A verbatim reproduction of the lines below, from the line containing "9 Great Plants" through the line containing "Racer, a male", both ends included, is the whole required output.

● **SUPPLIED INFORMATION**

>>>

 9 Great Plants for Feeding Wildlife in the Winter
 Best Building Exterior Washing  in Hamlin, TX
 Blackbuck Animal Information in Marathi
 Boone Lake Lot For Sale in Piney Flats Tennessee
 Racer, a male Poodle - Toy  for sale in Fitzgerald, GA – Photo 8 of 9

<<<
>>>

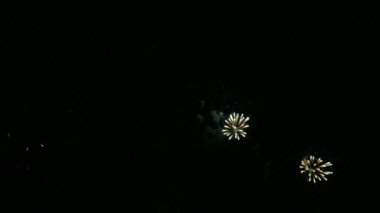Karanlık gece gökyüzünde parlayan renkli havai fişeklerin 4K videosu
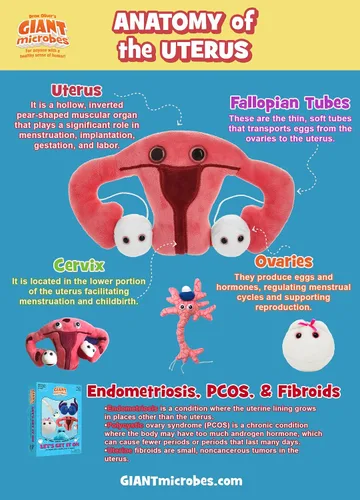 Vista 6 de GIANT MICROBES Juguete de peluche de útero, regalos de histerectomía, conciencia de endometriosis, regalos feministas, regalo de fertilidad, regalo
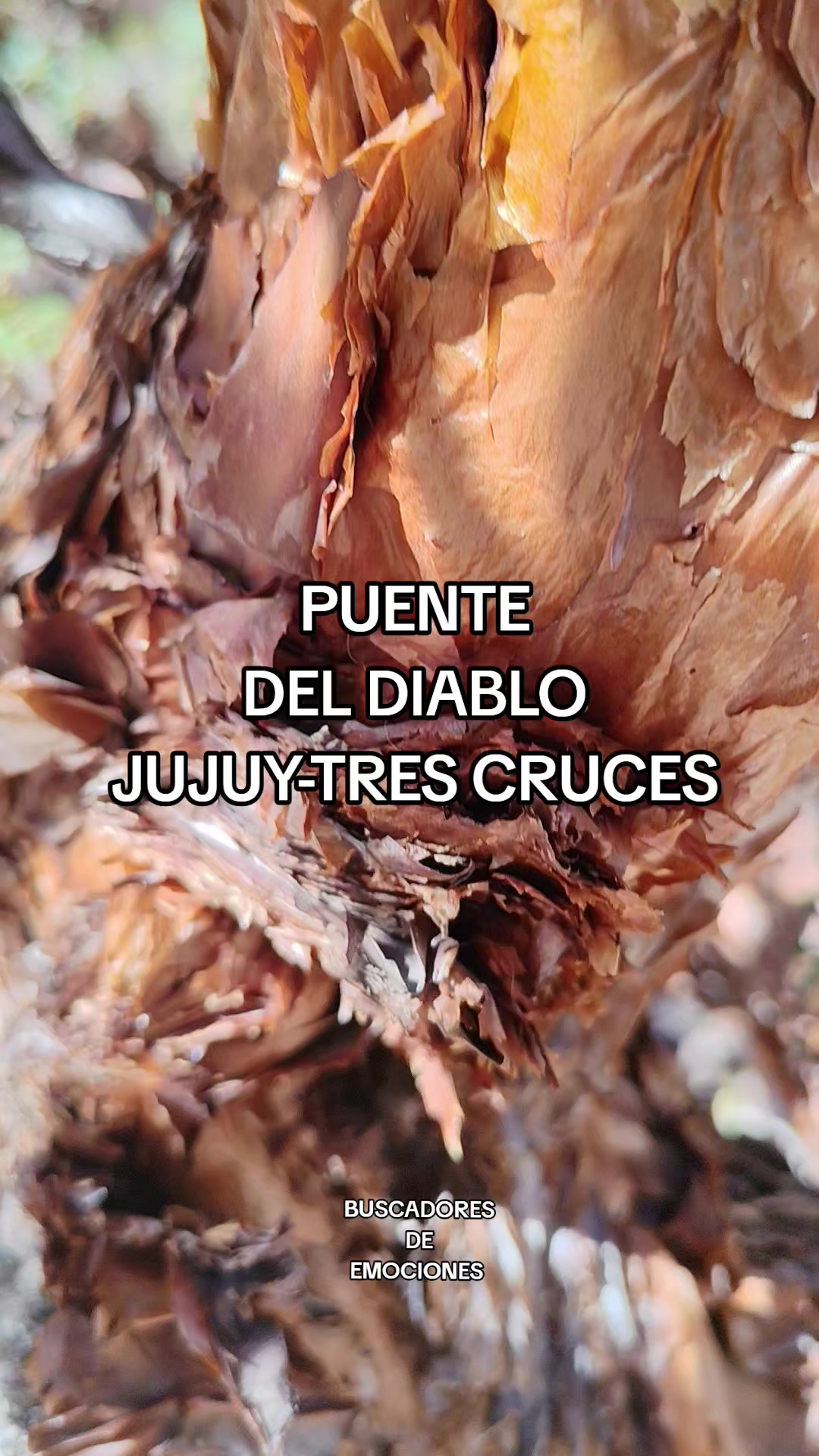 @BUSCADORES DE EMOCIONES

<<<

● **TASK RESULT**
 9 Great Plants for Feeding Wildlife in the Winter
 Best Building Exterior Washing  in Hamlin, TX
 Blackbuck Animal Information in Marathi
 Boone Lake Lot For Sale in Piney Flats Tennessee
 Racer, a male Poodle - Toy  for sale in Fitzgerald, GA – Photo 8 of 9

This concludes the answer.